In a twelfth aspect, the present disclosure relates to a method of controlling a respiratory support apparatus that is configured to provide a flow of gases to a user for respiratory therapy, the apparatus comprising: a flow generator that is operable to generate a flow of gases; a controller that is operatively connected to the flow generator and operable to control a flow rate of the flow of gases by controlling a motor speed of the flow generator, wherein the method is executable or implemented by the controller and comprises:


receiving an input that represents a set flow rate at which the apparatus is to generate the flow of gases for a desired therapy session; determining the motor speed of the flow generator required to generate the set flow rate; and raising an alarm associated with a potential future high-temperature condition of the apparatus, the alarm being raised within a predetermined time and/or before an actual steady-state temperature of the apparatus exceeds a temperature threshold or limit for the set flow rate.


In a thirteenth aspect, the present disclosure relates to a non-transitory computer-readable medium having stored thereon computer executable instructions that, when executed on a processing device or devices, cause the processing device or devices to perform a method of any one of the previous aspects of the disclosure.


Any one or more of the features and/or configurations mentioned in respect of one aspect of the disclosure above may be applied to any one or more of the other aspects of the disclosure above.


Definitions or Terms or Phrases

The phrase ‘computer-readable medium’ should be taken to include a single medium or multiple media. Examples of multiple media include a centralised or distributed database and/or associated caches. These multiple media store the one or more sets of computer executable instructions. The phrase ‘computer readable medium’ should also be taken to include any medium that is capable of storing, encoding or carrying a set of instructions for execution by a processor of a computing device and that cause the processor to perform any one or more of the methods described herein. The computer-readable medium is also capable of storing, encoding or carrying data structures used by or associated with these sets of instructions. The phrase ‘computer-readable medium’ includes solid-state memories, optical media and magnetic media.


The term “comprising” as used in this specification and claims means “consisting at least in part of”. When interpreting each statement in this specification and claims that includes the term “comprising”, features other than that or those prefaced by the term may also be present.
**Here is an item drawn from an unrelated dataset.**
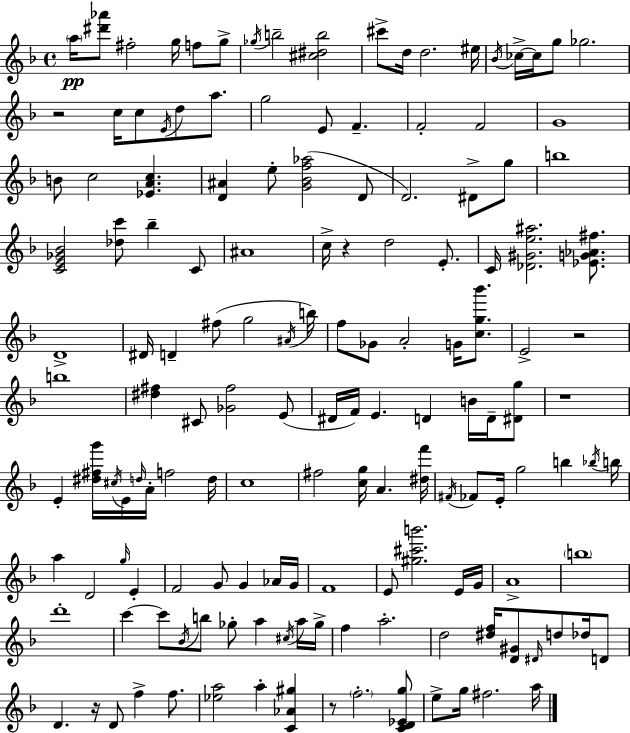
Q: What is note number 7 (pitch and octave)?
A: B5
Related terms such as “comprise” and “comprises” are to be interpreted in the same manner.


The phrase ‘respiratory apparatus’ as used in this specification and claims is intended to mean, unless the context suggests otherwise, any type or form of apparatus, machine, system or device, that is configured to provide and/or generate a flow of gases to a user for the purpose of respiratory support, respiratory therapy, and including apparatus which provide one or more different operational modes and types of support or therapy, whether flow-controlled, pressure-controlled, or otherwise, and including apparatus configured or operable to provide flow therapy, high-flow therapy, oxygen therapy, positive airway pressure (PAP) therapies such as, but not limited to, continuous positive airway pressure (CPAP) therapy or bi-level CPAP (BiPAP) therapy, and the phrases ‘flow therapy apparatus’, ‘respiratory therapy apparatus’, ‘respiratory support apparatus’, ‘breathing assistance apparatus’ may be used to refer to a type of ‘respiratory apparatus’, depending on the context.
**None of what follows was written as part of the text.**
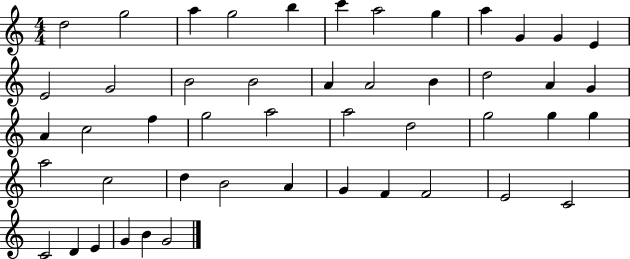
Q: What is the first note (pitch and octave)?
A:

The phrase ‘flow generator’ as used in this specification and claims is intended to mean, unless the context suggests otherwise, any device, system, component, or configuration that is configured to generate a pressurised flow of gases including, but not limited to, a blower having an impeller driven by a motor, compressor, or other pressurised source of gases.
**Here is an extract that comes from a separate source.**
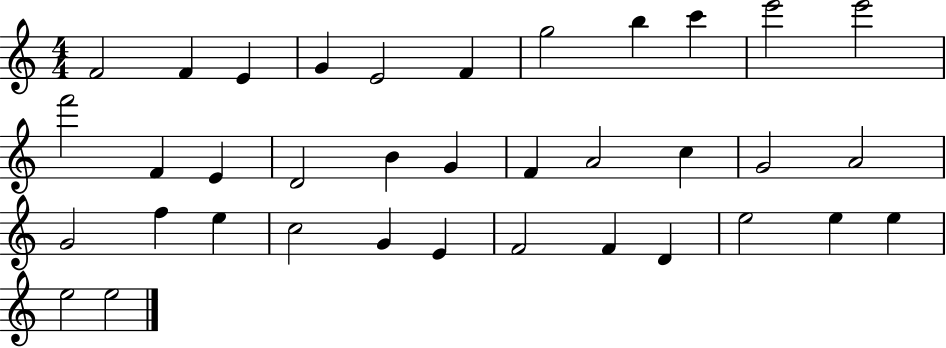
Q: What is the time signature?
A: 4/4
The phrase ‘temperature’ as used in this specification and claims is intended to mean, unless the context suggests otherwise, a measure or parameter representing heat or thermal energy and may be expressed in degrees Celsius (C), degrees Fahrenheit (F), or Kelvin (K), or any equivalent, and is also intended to capture any indirect associated measures or metrics related to temperature, such as direct measures of heat or thermal energy in metrics such as British thermal units (Btu) or joules or similar, such that references to ‘temperature’ in the context of the predictive alarm of the disclosure and as claimed is intended to cover direct temperature metrics, and/or heat or thermal energy metrics. For example, reference to a temperature exceeding a threshold can be determined based on temperature metrics or heat or thermal energy metrics, such that the predictive alarm can be implemented in the temperature metric domain or energy metric domain. Additionally, in this context, reference to ‘heat model’ need not necessarily be restricted to a model based on heat or thermal energy, but can be considered to also include or be equivalent to a ‘temperature model’ which is based on a temperature metric or similar. Likewise, the phrases ‘over-temperature’ and ‘over-heat’ or variants of these, may be used interchangeably.


The phrase ‘therapy session’ as used in this specification and claims is intended to mean, unless the context suggests otherwise, a period of operation of the respiratory apparatus, which may have a start and end. A therapy session may have or be defined by a preset or predetermined time period or may have a configurable time period defined by a time metric. Each time period may be being defined by hours and/or minutes for example. A therapy session may additionally or alternatively have a start and/or end that is defined by a target objective or metric measured or assessed by a sensed operating parameter of the device or sensed physiological parameter of the user. A therapy session may also be an adhoc session of random or arbitrary duration. A ‘therapy session’ is generally intended to mean a session of use of the respiratory apparatus for a particular, specified, or prescribed respiratory therapy and/or use of the apparatus for general respiratory support or other use generally.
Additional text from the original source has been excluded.